1.3 Hormonal Contraceptive (HC) Use and Injury Risk

Hormonal contraceptives are used by approximately half of female athletes [20]. There are many types of HCs including oral contraceptive pills (OCPs), intrauterine devices (IUDs), injections, transdermal patches, implants and vaginal rings [20]. Exogenous hormones inhibit endogenous hormone production, eliminating normal hormonal fluctuations throughout the normal menstrual cycle [6, 21]. Considering the effects of natural MCP hormonal fluctuations on injury risk, several studies propose that the use of OCPs may, therefore, be protective against injury [1]. Among the general population, combined HCs are not protective against musculoskeletal (MSK) injuries [22]. Among female athletes, using OCPs in combination with [1] or without [23] neuromuscular training may increase the dynamic stability of the knee joint and decrease ACL injury risk.

A preliminary search of MEDLINE, the Cochrane Database of Systematic Reviews and JBI Evidence Synthesis was conducted. Systematic reviews investigating the effects of the MCP on athletes’ performance [24], ACL injuries [1, 8, 9] and tendinopathies [1, 9] have been published. The most recent review [16] exploring the MCP and sports injuries only included eight studies. One review appraised the literature regarding the association between combined HC and MSK injuries and conditions but included all female individuals and not only female athletes [22]. True to their nature, systematic reviews delve into the particulars of evidence related to the specific topic, and the literature summarised and appraised is often limited by stringent eligibility criteria [25].
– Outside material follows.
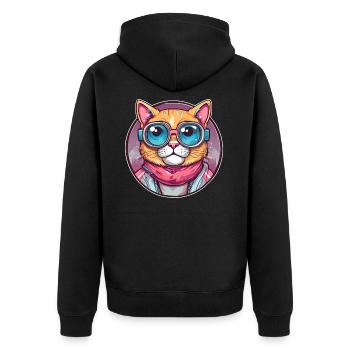 Coole Katze mit Sonnenbrille - Unisex Premium Bio Zip Hoodie - Schwarz - Hinten - Nico (187cm)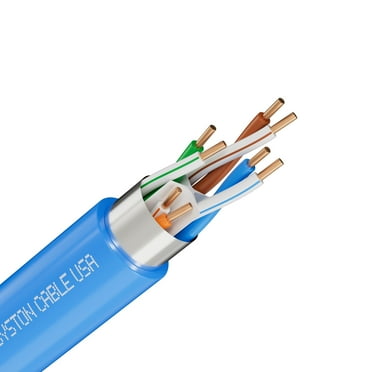 SYSTON CABLE TECHNOLOGY Cat 6E Ethernet Network Cable Shielded - 20 FT, 600 MHz 23 AWG F/UTP Solid Bare Copper Wire, Sunlight Resistant Riser Rated CMR, Bulk No Ends 20 FT to 1000 FT Available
As the number of female athletes grows, the number of publications related to female-specific injury risk factors is increasing. While systematic reviews on the effect of MCP, MI and HC use have been published, studies on these topics that are not included because of minor deviations from the eligibility criteria might be overlooked. Therefore, the primary aim of this scoping review is to determine the scope of the literature related to the association between MCP, MI and HC use and MSK injury among female athletes and identify gaps to aid the planning and commissioning of future research. The heterogeneity in the methodology and definitions of MCPs and MIs has been highlighted as a limitation to conducting meta-analyses and comparing findings [22, 26, 27]. An additional aim of this scoping review is to summarise key concepts and definitions in the relevant literature. A scoping review was deemed most appropriate for these outcomes because it is exploratory and incorporates a variety of research designs, focusing on coverage rather than the depth of a topic.

2 Review Questions

The following broad research questions were proposed following preliminary literature searches and multidisciplinary discussions within the group.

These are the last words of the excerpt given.